4) It might at first seem obvious that as Bartimaeus calls out to Jesus, he is asking for his eyesight to be restored – but this only makes it more surprising that Jesus doesn’t heal him immediately. Instead, he asks him the same question he has just put to James and John: “What do you want me to do for you?” (Mark 10:36; 10:51). The question does at least two things at once: first, it shows that Jesus wants Bartimaeus to play an active, engaged role in his own restoration; and second, it sets up a vivid contrast between James and John on the one hand, and Bartimaeus on the other. While the supposed “insiders” display spiritual hubris with their answer, the supposed “outsider” models a fitting blend of boldness and humility: “My teacher, let me see again,” he says - a request that, in the context of this central section in Mark, has both physical and spiritual dimensions (Mark 10:51).
5) It should never cease to strike us that Jesus’ signature line after a healing is not, “Come follow me, for I have healed you” – but rather, “Go; your faith has made you well” (Mark 10:52). So far from pointing toward himself as the great and powerful healer, Jesus instead describes the event as emanating primarily from Bartimaeus’ audacious, humble, open-hearted faith.

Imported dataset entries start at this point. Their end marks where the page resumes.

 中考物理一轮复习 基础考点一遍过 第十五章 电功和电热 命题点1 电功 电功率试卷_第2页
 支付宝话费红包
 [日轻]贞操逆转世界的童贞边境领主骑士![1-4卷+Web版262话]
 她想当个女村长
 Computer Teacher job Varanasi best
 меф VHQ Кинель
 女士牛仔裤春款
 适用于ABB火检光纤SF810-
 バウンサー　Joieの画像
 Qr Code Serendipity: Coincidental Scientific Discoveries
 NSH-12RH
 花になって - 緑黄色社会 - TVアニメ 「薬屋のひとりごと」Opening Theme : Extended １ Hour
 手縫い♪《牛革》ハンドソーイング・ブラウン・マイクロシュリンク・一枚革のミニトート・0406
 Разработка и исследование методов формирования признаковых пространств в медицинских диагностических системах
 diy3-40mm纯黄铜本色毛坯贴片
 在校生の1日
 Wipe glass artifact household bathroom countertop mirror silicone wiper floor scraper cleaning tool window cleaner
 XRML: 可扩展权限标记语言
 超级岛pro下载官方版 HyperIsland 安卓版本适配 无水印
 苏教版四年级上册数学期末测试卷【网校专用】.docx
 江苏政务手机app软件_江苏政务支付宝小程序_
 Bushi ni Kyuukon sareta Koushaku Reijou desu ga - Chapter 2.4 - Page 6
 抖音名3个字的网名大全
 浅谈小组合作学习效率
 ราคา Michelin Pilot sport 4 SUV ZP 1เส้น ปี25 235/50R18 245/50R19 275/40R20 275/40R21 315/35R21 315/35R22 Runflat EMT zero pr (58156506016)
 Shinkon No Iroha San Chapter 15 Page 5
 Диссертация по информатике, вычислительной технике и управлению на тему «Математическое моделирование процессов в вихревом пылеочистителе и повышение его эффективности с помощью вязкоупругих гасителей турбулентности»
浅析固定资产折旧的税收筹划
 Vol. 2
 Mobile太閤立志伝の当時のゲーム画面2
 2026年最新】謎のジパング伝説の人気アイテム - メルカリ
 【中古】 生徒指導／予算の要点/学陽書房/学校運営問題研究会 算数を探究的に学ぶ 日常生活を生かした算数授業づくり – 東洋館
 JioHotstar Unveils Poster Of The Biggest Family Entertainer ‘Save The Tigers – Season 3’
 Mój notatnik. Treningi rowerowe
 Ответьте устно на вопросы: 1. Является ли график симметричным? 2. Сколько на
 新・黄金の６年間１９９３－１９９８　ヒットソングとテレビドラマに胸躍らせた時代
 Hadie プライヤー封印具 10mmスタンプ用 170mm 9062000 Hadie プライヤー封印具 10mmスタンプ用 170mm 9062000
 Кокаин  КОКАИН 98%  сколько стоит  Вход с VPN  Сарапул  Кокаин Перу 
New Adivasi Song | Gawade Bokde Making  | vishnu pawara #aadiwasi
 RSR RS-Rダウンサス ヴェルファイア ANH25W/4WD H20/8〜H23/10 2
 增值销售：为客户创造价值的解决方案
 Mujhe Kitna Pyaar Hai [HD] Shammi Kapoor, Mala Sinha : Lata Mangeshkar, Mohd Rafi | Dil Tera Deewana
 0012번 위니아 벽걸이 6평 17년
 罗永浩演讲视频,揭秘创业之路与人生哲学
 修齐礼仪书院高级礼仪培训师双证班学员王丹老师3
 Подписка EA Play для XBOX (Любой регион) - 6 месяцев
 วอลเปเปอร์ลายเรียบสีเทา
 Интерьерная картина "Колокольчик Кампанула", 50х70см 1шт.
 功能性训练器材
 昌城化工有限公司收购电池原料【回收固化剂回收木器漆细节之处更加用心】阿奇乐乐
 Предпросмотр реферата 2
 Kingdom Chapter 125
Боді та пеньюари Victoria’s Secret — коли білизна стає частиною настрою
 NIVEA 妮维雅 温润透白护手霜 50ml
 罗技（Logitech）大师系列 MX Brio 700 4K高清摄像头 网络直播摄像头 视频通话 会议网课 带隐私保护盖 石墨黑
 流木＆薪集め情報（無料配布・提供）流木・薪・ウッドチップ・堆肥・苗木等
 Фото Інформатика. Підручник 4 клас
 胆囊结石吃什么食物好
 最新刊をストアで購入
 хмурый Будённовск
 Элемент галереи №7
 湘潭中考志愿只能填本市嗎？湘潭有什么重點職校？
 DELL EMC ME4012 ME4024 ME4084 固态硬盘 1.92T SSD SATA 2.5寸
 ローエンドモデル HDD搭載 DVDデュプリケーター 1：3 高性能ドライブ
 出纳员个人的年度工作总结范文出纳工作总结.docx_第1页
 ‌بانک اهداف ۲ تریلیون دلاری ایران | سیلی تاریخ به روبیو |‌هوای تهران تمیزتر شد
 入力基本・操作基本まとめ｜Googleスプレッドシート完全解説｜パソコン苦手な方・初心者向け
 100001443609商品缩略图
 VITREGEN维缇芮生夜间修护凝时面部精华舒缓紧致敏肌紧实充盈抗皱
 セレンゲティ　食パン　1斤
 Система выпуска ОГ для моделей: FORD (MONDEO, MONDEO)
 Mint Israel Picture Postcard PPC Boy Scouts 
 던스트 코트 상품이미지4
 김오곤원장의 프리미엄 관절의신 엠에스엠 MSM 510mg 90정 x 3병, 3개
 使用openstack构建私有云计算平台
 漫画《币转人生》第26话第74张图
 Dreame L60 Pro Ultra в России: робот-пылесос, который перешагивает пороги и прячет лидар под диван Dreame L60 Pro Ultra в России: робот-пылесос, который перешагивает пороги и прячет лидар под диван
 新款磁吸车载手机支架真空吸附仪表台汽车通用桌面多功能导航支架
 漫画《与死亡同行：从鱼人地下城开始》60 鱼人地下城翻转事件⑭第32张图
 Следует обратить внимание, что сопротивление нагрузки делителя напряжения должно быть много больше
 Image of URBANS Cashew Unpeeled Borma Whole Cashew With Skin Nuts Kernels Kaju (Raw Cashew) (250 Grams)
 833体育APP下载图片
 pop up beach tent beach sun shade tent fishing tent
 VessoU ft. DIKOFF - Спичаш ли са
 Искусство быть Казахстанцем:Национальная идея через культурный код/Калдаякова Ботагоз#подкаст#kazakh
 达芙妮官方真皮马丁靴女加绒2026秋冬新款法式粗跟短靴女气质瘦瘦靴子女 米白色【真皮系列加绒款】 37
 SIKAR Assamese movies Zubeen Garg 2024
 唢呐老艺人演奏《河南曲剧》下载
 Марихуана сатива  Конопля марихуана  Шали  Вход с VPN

6) And this audacity, please note, continues: though Jesus tells him to “Go,” Bartimaeus instead decides to come along, following Jesus on the Way, the Truth, and the Life – even though they’re just a day’s journey from the coming showdown in Jerusalem.
1) This is a good week to explore what “faith” looks and feels like in practice. In Mark, “faith” is typically a synonym for courage (see, e.g., Mark 5:36), a form of chutzpah or audacity, and this week’s story is no exception: Bartimaeus boldly calls out to Jesus; refuses to be silent, even if it rankles the imperial authorities; leaves behind his possessions; asks forthrightly for healing and insight; and follows Jesus all the way to Jerusalem. For Mark, he is nothing less than the model disciple, bold, discerning, humble, and direct. A consummate “outsider,” Bartimaeus outshines the “insiders” in Jesus’ entourage. As Mark tells it, he is “the last” disciple to join the fold – and as we heard Jesus say just a few verses ago, “the last will be first…” (Mark 10:31).
2) Likewise, this a perfect week to reflect on what “healing” means in Christian life. As this story suggests, healing can have as much – or more – to do with how we “see” or understand the world as with any physical cure. And likewise, according to Jesus’ signature description of healing, God’s restorative power typically comes “up from within,” not “down from without.” Our faith – which is to say, our bold and humble courage – is both a gracious gift of God and a vital source of our everyday wellbeing. Accordingly, again and again, Jesus calls us to “take heart” and believe – and at the same time, to step forward and play an active role in our own ongoing restoration: What do you want me to do for you? (Mark 10:49-51).